In a tenth aspect, the apparatus can also include a compression system positioned to compress the feed stream and the at least a portion of the recyclable oxygen-enriched stream that is recyclable upstream of the first column, second column, and third column. The compression system can be positioned upstream of the first column, second column, and third column. For example, the compression system can include a feed compressor or at least one feed compressor.

In an eleventh aspect, the apparatus can also include a first heat exchanger positioned downstream of the compression system to cool the compressed feed stream before the compressed feed stream is fed to the first column and/or the second column to form the argon-enriched stream that is outputtable from the second column. In some embodiments, the first heat exchanger can be positioned between a compression system that forms the compressed feed stream and the first, second, and third columns. The first heat exchanger can also receive one or more streams from the first, second, and third columns for use as one or more cooling mediums for use in cooling the compressed feed stream before the compressed feed stream is fed to the first column and/or the second column.

The compressed feed stream can also be split into two or more feed streams. In some configurations, the compressed feed stream can be split into one or more other portions of the feed stream to undergo further compression before those portions are passed through the first heat exchanger to be cooled therein for subsequently being fed to the first column and/or second column.

In a twelfth aspect, the apparatus can be configured to include the reboiler-condenser of the third column positioned and be configured to receive the portion of the oxygen-enriched stream output from the first column to at least partially condense the argon-rich stream output from the third column.

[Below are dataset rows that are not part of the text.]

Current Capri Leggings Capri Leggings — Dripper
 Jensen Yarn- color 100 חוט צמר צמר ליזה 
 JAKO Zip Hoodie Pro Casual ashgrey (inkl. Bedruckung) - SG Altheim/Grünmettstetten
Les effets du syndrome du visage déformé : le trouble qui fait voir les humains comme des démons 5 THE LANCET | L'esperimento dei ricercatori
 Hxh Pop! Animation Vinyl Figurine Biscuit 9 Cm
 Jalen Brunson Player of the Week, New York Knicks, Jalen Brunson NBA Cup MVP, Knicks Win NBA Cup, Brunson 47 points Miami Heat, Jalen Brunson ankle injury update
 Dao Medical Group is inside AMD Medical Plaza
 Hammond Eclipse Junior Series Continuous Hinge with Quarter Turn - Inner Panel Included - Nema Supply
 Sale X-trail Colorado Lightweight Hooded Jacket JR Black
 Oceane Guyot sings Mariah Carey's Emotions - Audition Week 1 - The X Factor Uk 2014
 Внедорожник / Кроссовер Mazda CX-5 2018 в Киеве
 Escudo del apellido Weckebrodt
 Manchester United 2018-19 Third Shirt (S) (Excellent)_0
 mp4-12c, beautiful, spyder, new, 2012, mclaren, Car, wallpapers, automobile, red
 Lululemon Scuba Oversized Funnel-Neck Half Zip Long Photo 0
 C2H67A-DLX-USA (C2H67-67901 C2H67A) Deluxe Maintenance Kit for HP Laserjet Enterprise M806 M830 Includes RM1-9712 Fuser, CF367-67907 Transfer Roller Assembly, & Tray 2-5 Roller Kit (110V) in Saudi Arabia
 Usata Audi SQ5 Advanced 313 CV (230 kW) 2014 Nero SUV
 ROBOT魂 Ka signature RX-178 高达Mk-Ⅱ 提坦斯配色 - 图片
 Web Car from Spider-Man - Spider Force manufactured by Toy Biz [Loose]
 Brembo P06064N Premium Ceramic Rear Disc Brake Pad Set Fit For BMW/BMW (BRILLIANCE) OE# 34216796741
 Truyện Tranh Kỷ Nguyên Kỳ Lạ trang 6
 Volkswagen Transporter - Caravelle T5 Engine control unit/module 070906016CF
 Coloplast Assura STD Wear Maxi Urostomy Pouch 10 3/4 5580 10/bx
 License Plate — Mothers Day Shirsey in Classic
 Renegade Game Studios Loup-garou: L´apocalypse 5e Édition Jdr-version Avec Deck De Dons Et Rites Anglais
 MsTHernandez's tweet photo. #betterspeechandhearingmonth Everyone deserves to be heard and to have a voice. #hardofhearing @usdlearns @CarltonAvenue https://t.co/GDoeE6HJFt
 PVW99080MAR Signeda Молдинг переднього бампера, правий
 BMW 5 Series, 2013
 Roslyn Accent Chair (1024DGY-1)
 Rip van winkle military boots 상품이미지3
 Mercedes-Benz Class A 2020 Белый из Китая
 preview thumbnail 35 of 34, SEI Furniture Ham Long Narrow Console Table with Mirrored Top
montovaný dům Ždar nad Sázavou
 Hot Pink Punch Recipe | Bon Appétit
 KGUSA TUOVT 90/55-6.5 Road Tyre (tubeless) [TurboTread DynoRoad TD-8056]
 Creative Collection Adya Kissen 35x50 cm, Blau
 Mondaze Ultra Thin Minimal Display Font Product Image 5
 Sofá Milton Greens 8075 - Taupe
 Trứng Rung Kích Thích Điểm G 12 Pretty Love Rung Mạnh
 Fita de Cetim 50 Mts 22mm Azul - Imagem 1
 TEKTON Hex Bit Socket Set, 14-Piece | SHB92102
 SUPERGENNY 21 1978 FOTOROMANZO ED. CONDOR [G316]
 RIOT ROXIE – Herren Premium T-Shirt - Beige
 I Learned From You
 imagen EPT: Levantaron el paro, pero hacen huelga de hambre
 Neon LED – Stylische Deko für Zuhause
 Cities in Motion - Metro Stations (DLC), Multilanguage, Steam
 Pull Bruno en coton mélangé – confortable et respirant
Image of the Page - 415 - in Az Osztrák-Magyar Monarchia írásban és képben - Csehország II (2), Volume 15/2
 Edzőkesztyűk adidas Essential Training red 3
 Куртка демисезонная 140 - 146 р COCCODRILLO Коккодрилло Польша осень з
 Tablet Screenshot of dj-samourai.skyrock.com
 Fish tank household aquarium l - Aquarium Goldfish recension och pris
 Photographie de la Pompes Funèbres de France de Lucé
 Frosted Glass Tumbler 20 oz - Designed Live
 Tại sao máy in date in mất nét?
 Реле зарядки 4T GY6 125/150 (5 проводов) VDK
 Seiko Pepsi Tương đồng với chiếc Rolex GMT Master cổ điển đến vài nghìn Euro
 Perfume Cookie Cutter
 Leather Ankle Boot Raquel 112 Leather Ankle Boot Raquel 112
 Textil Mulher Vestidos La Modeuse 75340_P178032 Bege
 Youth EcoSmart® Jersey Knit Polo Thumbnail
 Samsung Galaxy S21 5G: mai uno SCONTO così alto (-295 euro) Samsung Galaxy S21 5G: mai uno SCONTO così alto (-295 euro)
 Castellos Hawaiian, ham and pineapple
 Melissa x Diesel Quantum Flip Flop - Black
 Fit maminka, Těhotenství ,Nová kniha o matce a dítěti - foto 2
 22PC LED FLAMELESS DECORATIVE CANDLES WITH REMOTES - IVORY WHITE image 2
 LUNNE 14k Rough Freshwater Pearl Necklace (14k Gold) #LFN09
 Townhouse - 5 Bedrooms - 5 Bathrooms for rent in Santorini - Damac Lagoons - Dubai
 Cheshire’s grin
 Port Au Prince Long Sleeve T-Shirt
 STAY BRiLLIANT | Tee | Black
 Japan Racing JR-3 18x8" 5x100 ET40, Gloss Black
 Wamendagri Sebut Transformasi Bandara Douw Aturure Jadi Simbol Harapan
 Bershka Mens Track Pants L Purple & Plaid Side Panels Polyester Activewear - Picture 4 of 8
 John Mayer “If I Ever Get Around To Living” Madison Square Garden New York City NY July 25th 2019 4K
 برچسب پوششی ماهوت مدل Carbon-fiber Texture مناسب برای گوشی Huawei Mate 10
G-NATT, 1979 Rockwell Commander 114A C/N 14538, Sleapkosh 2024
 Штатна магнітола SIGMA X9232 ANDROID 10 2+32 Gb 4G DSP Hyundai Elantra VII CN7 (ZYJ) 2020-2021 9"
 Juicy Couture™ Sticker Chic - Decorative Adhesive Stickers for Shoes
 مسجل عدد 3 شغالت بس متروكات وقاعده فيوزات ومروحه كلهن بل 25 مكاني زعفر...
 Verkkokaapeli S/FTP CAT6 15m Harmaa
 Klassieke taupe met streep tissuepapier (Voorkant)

The reboiler-condenser of the third column can be positioned and configured to at least partially vaporize the portion of the oxygen-enriched stream output from the first column to output the recyclable oxygen-enriched stream so that at least a portion of the recyclable oxygen-enriched stream is recyclable upstream of the first column, the second column, and third column for being mixed with the feed stream for forming the compressed feed stream to feed to the first column and/or the second column to form the argon-enriched stream outputtable from the second column.

In a thirteenth aspect, the apparatus can include the recyclable oxygen-enriched vapor stream formation device positioned upstream of the reboiler-condenser of the third column so the vaporized portion of the oxygen-enriched stream output from the first column is output from the recyclable oxygen-enriched vapor stream formation device as the recyclable oxygen-enriched vapor stream that is gaseous so that at least a portion of the recyclable oxygen-enriched vapor stream is recyclable upstream of the first column, the second column, and third column for being mixed with the feed stream for forming the compressed feed stream to feed to the first column and/or the second column to form the argon-enriched stream outputtable from the second column.

In a fourteenth aspect, the apparatus can be configured so that the portion of the oxygen-enriched stream output from the first column that is passable to the reboiler-condenser of the third column is a first portion of the oxygen-enriched stream outputtable from the first column. The first column can be connected to the second column such that a second portion of the oxygen-enriched stream outputtable from the first column is feedable to the second column and the second column can be configured to output a recyclable oxygen-enriched stream for being mixed with the feed stream for forming the compressed feed stream to feed to the first column and/or the second column to form the argon-enriched stream outputtable from the second column.

In a fifteenth aspect, the apparatus of the eighth aspect can include one or more features of the ninth aspect, tenth aspect, eleventh aspect, twelfth aspect, thirteen aspect and/or fourteenth aspect. Embodiments can also include other features or elements (e.g. automated process control elements, sensors, at least one controller, etc.). For instance, examples of such additional features or process elements that can be utilized in different embodiments of the apparatus can be appreciated from the exemplary embodiments of the process discussed herein.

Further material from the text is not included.